Source material:
Start of Block
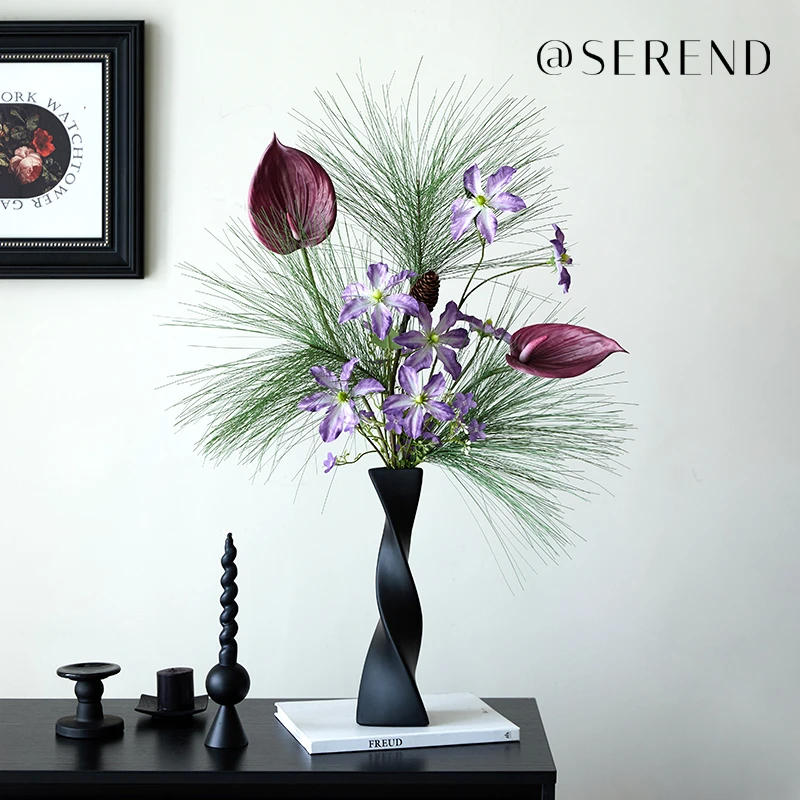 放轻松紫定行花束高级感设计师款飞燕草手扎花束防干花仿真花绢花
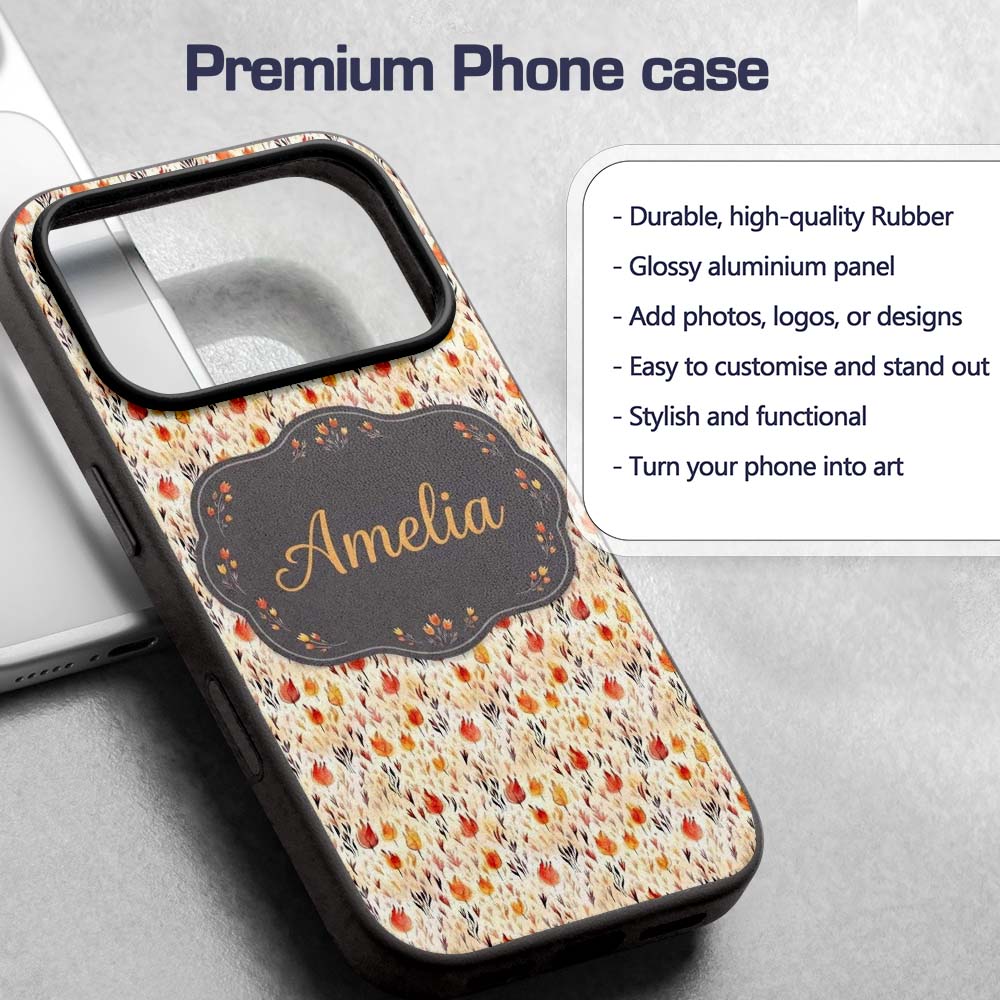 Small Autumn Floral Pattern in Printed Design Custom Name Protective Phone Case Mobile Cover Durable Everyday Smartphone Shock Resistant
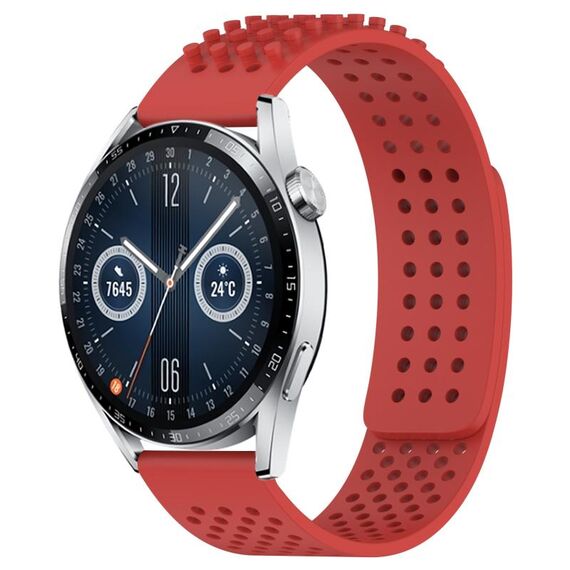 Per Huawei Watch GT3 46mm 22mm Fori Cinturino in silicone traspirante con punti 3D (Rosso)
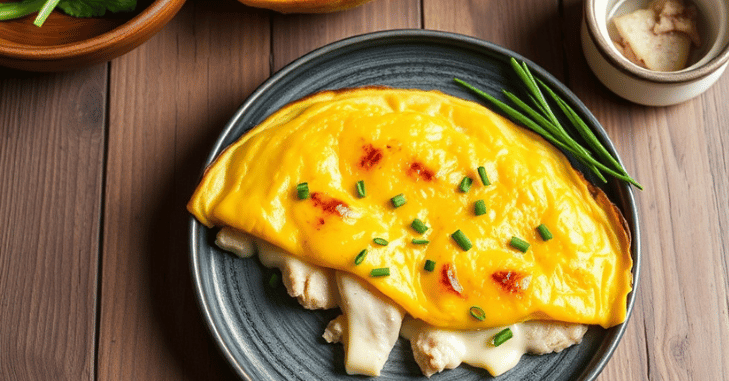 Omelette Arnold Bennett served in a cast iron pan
End of Block
Work order: When an image appears in the data, skip it and output the rest exactly.

Answer section:
 放轻松紫定行花束高级感设计师款飞燕草手扎花束防干花仿真花绢花
 Small Autumn Floral Pattern in Printed Design Custom Name Protective Phone Case Mobile Cover Durable Everyday Smartphone Shock Resistant
 Per Huawei Watch GT3 46mm 22mm Fori Cinturino in silicone traspirante con punti 3D (Rosso)
 Omelette Arnold Bennett served in a cast iron pan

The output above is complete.